In any case, the commitments of the British Government were hardly worth the paper they were written on. Successive British Governments made contradictory commitments to three groups to obtain their support during the difficult days of trench warfare on the western front during WWI, including attempts to make a separate peace with the Turks behind the backs of the Zionists and Arabs which would have left the Turkish flag flying in what they considered their territories. But, the British also intended to keep those lands for themselves as part of their Empire.

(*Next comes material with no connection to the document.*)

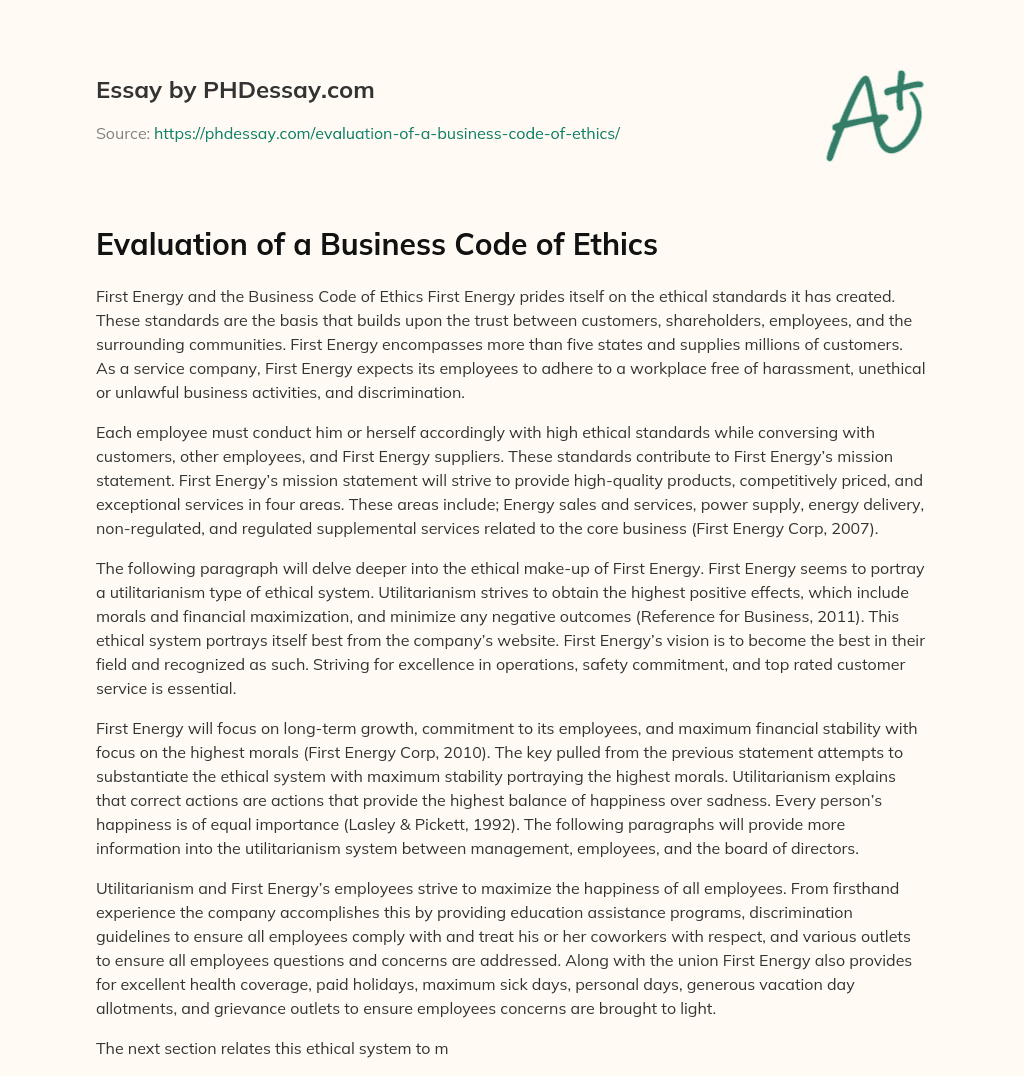 Evaluation of a Business Code of Ethics essay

However, no such separate British-Turkish peace was achieved, and British forces occupied Palestine, most of northern Arabia and Mesopotamia (Iraq). The British Liberal party under Lloyd George was against expanding the British Empire and Pres. Wilson of the US was against any further subjugation of native peoples (although his influence was limited since the US did not declare war on Turkey and there were no American forces in the Middle East then). So the Mandate concept was thought up by a minor French official at the post-war Versailles Conference to allow Britain and France to occupy large swathes of formerly Ottoman territory (in line with their then secret Sykes-Picot Treaty), but with a view to making the local peoples eventually independent although under British and/or French influence.

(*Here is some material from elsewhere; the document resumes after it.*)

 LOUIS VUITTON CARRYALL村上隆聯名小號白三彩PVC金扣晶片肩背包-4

Thus, Britain received Mandates for Palestine and Mesopotamia and France for Syria. The Balfour Declaration became valid under international law when it was incorporated into the San Remo Treaty of 1920, when the former Ottoman colonies were carved up by the Allies, and when the League of Nations granted the Mandate over Palestine to Britain in 1922. Each imperial power then made their own decisions and carved out separate countries, France separated Lebanon from Syria in order to protect its Christian inhibitants; Britain separated Transjordan from Palestine and established Iraq in order to satisfy their commitments to the Hashemite rulers of Arabia. The legitimacy of the Zionist claim to the whole of Palestine has never been altered or negated by subsequent events, including the UN Partition Plan of 1948 that became invalid when rejected by the Arab side. Only a negotiated agreement can define the eastern border of the Jewish State.

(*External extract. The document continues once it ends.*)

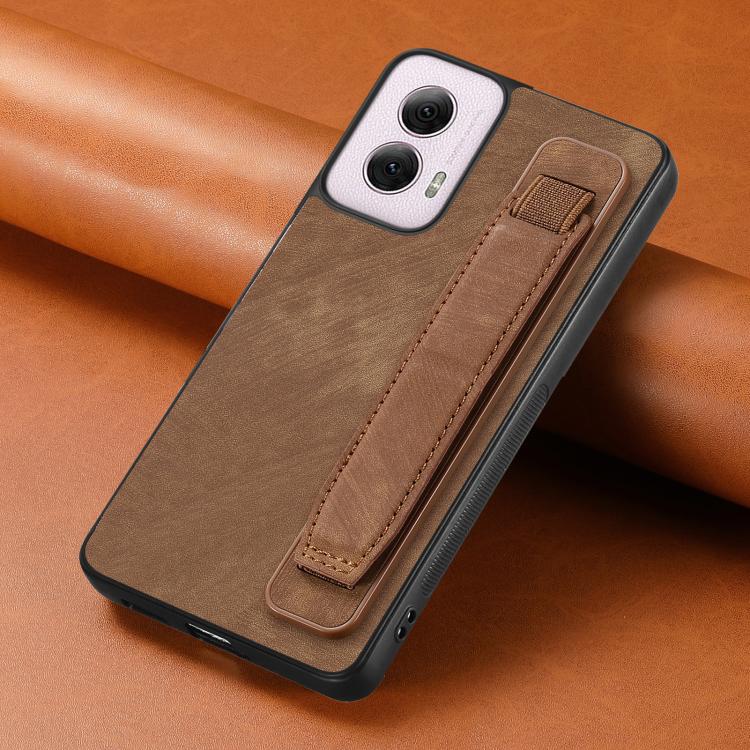 For Motorola Moto G Power 5G 2024 Retro Wristband Holder Leather Back Phone Case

I came across this quotation (Schneer, p. 372), from a telegram dispatched by the Syrian leadership to Lord Balfour, opposing his famous Declaration: With reference to the recent publication of your Excellency’s declaration to Lord Rothschild regarding the Jews in Palestine, we respectfully take the liberty to invite your Excellency’s attention to the fact that Palestine forms a vital part of Syria – as the heart to the body – admitting no separation politically or sociologically…. This certainly supports those who say that the Palestinian people are a recently invented people and even though they now think of themselves as separate, there is no distinction culturally and sociologically between the Syrian and the Palestinian Arabs. Given how the Syrians currently treat each other, Israelis can hardly be faulted for not trusting the Palestinians as legitimate peace partners for the foreseeable future.